The world has been forced to address this issue. Thus, the major powers of the world created a global treaty, the Vienna Convention for the Protection of the Ozone Layer. The agreement was put into effect in 1988 and the subsequent Montreal Protocol on Substances that Deplete the Ozone layer went into effect in 1989. To date, 140 countries are acknowledging the Montreal Treaty. The countries decided on a timetable for countries to reduce and to end their production and consumption of eight major halocarbons. The timetable was accelerated in 1990 and 1992. Various amendments were adopted in response to scientific evidence that stratospheric ozone is depleting at a much faster rate than was predicted.
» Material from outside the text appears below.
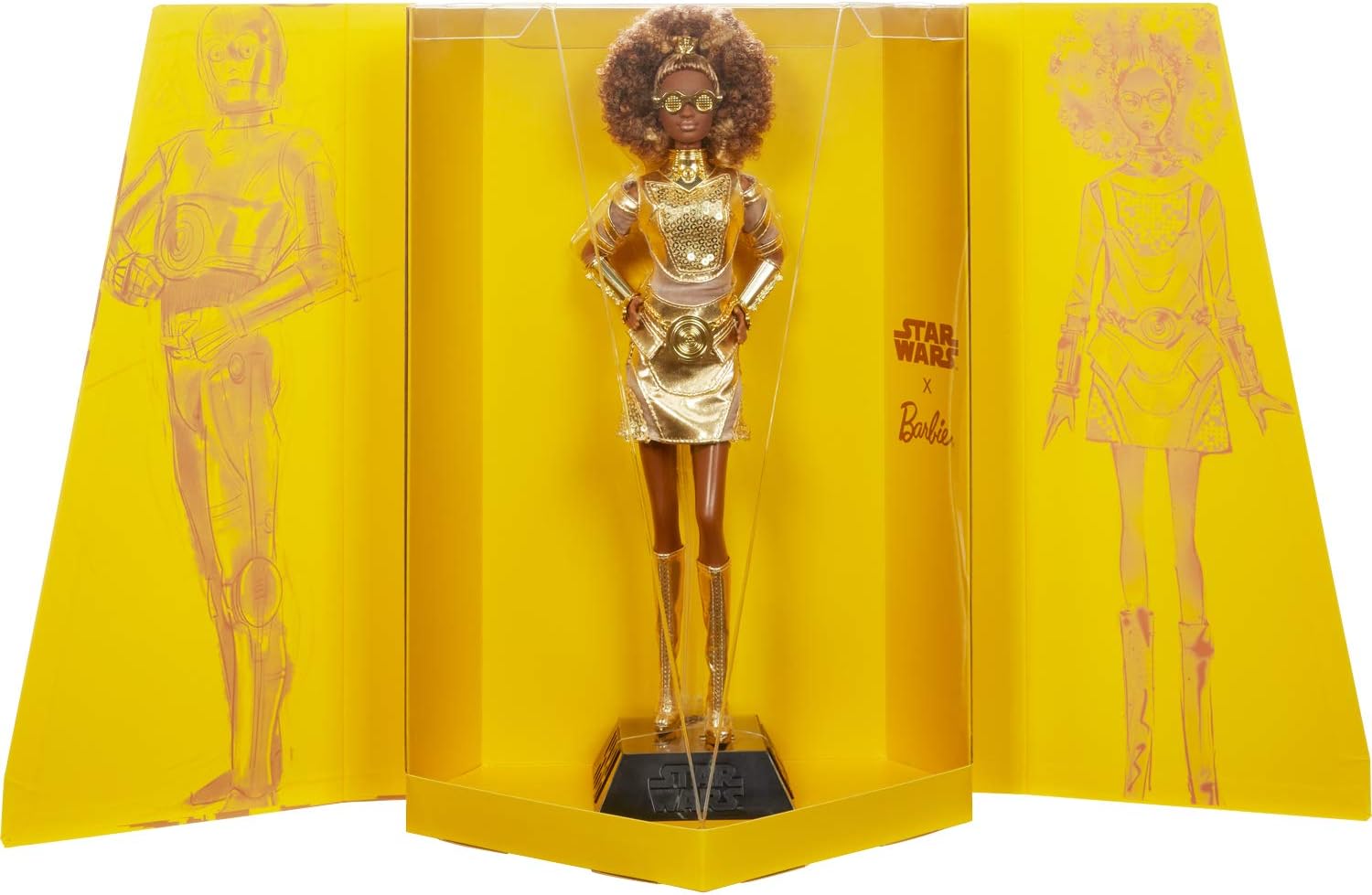 バービー バービー傀儡 貨物輸送無料 Barbie Collector Star Wars C 3po X Barbie Doll 12 Inch In Gold Fashion And Accessories With Doll Stand And Certificate Of Authenticityバービー バービー人形 Marchesoni Com Br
On the home front, the U.S. Environmental Protection Agency (EPA), under authority of the U.S. Clean Air Act, have issued regulations for the phase out of production and importation of ozone depleting chemicals. The EPA established various policies such as refrigerant recycling in both cars and stationary units, a ban on nonessential products, labeling requirements, and a requirement to revise federal procurement specifications.

One of the largest single uses of CFCs is as a refrigerant (CFC-12) used in automobile air conditioners. Since a big source of this CFC-12 is leaking automobile air conditioners, many new environmental rules have an impact on the auto service and repair industry.
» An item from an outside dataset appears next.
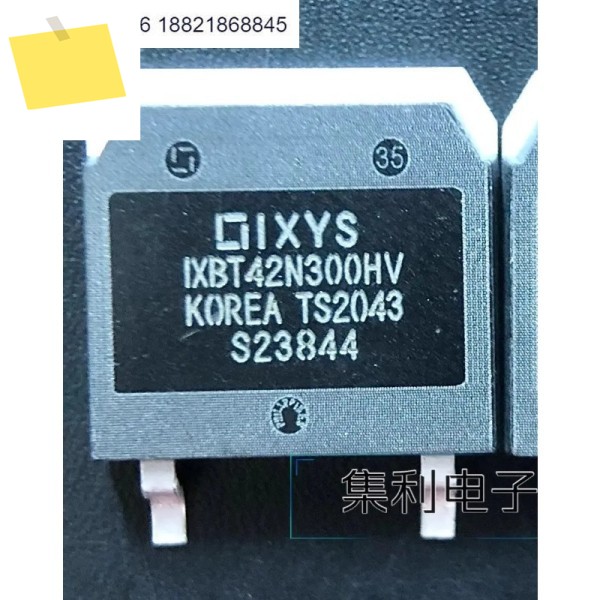 IXBT42N300HV 신규 수입 복합 IGBT 튜브 TO-268 3000V 42A 구매 가능 제품 이미지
(1)   Anyone repairing or servicing motor vehicle air conditioners must recover and/or recycle CFCs on-site or recover CFCs and send them off-site for recycling.

(2)   Everyone dealing with A/C must be certified to use CFC recovery and recycling equipment. The shop must own EPA- approved recovery and recycling equipment.
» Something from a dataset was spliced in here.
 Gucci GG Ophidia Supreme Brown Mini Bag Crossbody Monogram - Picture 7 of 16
(3)   Retailers can only sell cans of automotive refrigerant (less than 20 pounds) to certified technicians. This discourages do-it-yourselfers from topping off their own A/C.

The fines for violating any of these rules can run as much as $25,000 per violation.

If someone wants to keep working on A/C, they will have to make an investment in equipment. Is it worth it? Recovery-only units cost about $500 and recovery/recycling units run from $1,800 to $5,000. People working on air conditioning units must pass an EPA-approved CFC recycling course. CFC-12 used in motor vehicles was phased out of production at the end of 1995. No more will be made.

CFCs, when first developed, were thought to be a miracle compound. They made excellent refrigerants, pesticides, deodorants, packaging foam, and had many other uses. Unfortunately, a hole in the stratosphere was found over Antarctica in 1985, and CFCs were to blame. Since 1989, numerous laws and restrictions have been made to stop production of CFCs and allow the ozone in the stratosphere to replenish itself. Fortunately, the laws and restrictions have been effective and the ozone layer is slowly but surely filling in. The future of the ozone layer looks good indeed.

Bibliography

Atmospheric Civic Homepage [on-line] http://www.epa.gov/Ozone/defns.html#cfc

Dolan, Edward. Our Poisoned Sky. Cobblehill books, New York: 1991

EPA’s Stratospheric Ozone Protection Program World Wide Web Site [on-line]

http://www.epa.gov/docs/ozone/index.html, March 8, 1997.

Gay, Kathylyn. Ozone. Impact, New York: 1989.

Hoff, Mary and Mary Rodgers. Our endangered Planet Atmosphere. Lener Publication Company, Minneapolis: 1995.

Preston, James. Air Conditioning and Refrigeration Technician’s EPA Certification Guide, Quality Books, New York: 1994.

Roan, Sharon. Ozone Crisis. Wiley science editions, New York: 1989.